第18章 天下人之天下(1/2)
日头西斜。
三合小院之內依旧平静。
虽然自那日夜里闹出乱子后,清军派人来搜查过,但也只是可以贿赂的辫子兵,根本算不上什么危险。
此时,院中静悄悄的,只有偶尔风吹过枯藤的窸窣声。
朱慈烺坐在正房门槛內的一张小凳上,就著天光,手里无意识地捻著一截枯草。
高鹤年则垂手立在檐下的阴影里,低眉顺眼,这几日下来,他面上那点挣扎与不甘已褪得乾乾净净,只剩下了恭顺。
“吱呀”一声,院门被轻轻推开一道缝。
一个精悍的汉子侧身闪入,正是二虎留下用来保护朱慈烺並且与外界联繫的人之一,名叫石柱。
他快步走到朱慈烺跟前,抱了抱拳,声音压得极低:“公子,外头风声更紧了。”
朱慈烺抬眼:“怎么说?”
“港口那边,韃子巡查的兵马多了近一倍,专盯著聚堆说话的、面生的,盘问得贼细。”
“码头上昨日还拖走了两个人,说是形跡可疑,眼下不知死活。”
石柱语速很快,“城里几条主街,夜里的巡哨也密了不少。”
“还有……咱们弟兄留意到,似乎另有两三拨人,也在暗地里打听『朱明』和那些『说法』的来路,行踪鬼祟,不像是官面上的人。”
正如朱慈烺预料一般。
在有著足够基数的难民群体之下,这《抗清手册》之中的內容流传的十分迅速。
短短数日时间,便已经引起了不小的波澜。
虽然二虎莫名其妙的將“朱明”的名號给弄了出来,让朱慈烺有些意外,不过却也全都在掌控之中。
很显然,水已经完全被他搅乱了。
朱慈烺沉默片刻,点了点头:“知道了。”
“告诉弟兄们,一切照旧,但要再加三分小心。”
“非必要,暂缓与人深谈,莫要深耕。”
“是。”石柱应下,犹豫了一下又问,“公子,要不要让二哥他们先避一避风头?”
“不必。

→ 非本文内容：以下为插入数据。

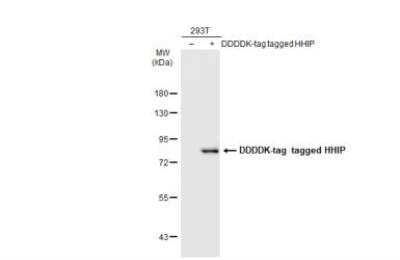 Western Blot: Hip Antibody [NBP2-16821]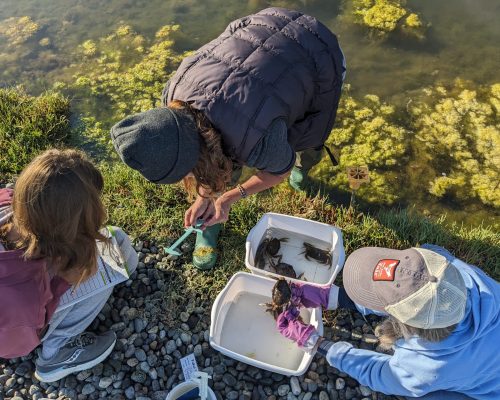 Three generations of crabbers gather at Third Lagoon on San Juan Island. Flora (left, records while mom, Anna, and grandmother Anne tag team a trap of subadult Dungeness crabs. Photo: WSG/Lisa Watkins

”朱慈烺摇头,语气平淡却坚决,“该做什么还做什么,只是把眼睛放亮,耳朵竖尖。”
“越是这种时候,越不能露怯。”
“让二虎按计划行事。”
“去吧。”
石柱不再多言,躬身一礼,悄无声息地退了出去,轻轻掩上了院门。
院子里重归寂静。
阴影里,高鹤年的眼皮微微抬了抬,目光掠过空荡荡的院门,又落回朱慈烺沉静的侧脸上,他嘴唇翕动了几下,像是有什么话堵在了喉咙口,咽不下去,也吐不出来。
这几日他一直如此,很少开口。
这也与他如今的处境有关。
他已被无形地排除在核心之外。
朱慈烺虽未刻意针对他,但对於一个尚不可全信之人,朱慈烺自然不可能和盘托出所有计划。
高鹤年心里也清楚,知道自己对如今的朱慈烺而言已非必需,更不敢多问,生怕连这点“有用”的余地都失去。
正默然间,朱慈烺却仿佛是脑后生了眼睛,淡淡开口:“高伴伴有话要说?”
高鹤年身子几不可察地一颤,向前挪了半步,声音乾涩:“殿下……奴婢心里实在有些憋闷的话,不知当讲不当讲。”
“讲。”朱慈烺將那截枯草隨手丟在地上,这才转头看向他。
这宦官虽已非必要,但终究是“太子”身份的一道活凭证,倒也不至於完全忽视。
闻言,高鹤年的眼神顿时一亮,深吸了一口气:“殿下让二虎他们在外头散播那些……法子,奴婢知道是为长远计。”
“可如今,清虏显然已察觉有异,搜查一日严过一日。”
“这般下去,万一……万一真引来了大队人马,铁了心將这天津城翻个底朝天……”
他的话停在这里,没有再说下去,但意思已然再明白不过。
在他看来,朱慈烺此举无异於在刀口舔血,太过天真。
难不成真以为靠著那些散兵游勇、几句流言,就能撼动已据北地的清廷?
朱慈烺静静听著,脸上依旧没什么波澜,只反问了一句:“你觉得,这天下是谁的天下?”
“自然是……我大明的天下。”高鹤年几乎是下意识的说道。
“是吗?”朱慈烺转过身,目光平静地看著他,“那三百年前,这天下是谁的天下?”
“是蒙古人的。”
“再往前呢?”
“是赵宋的,是李唐的,是杨隋的……山河更替,社稷倾覆,终究只是你方唱罢我登场罢了。”
他顿了顿,眼神里闪过一丝深邃的微光:“高伴伴,你熟读史书,当知我朝太祖高皇帝起於微末之时,是何光景。”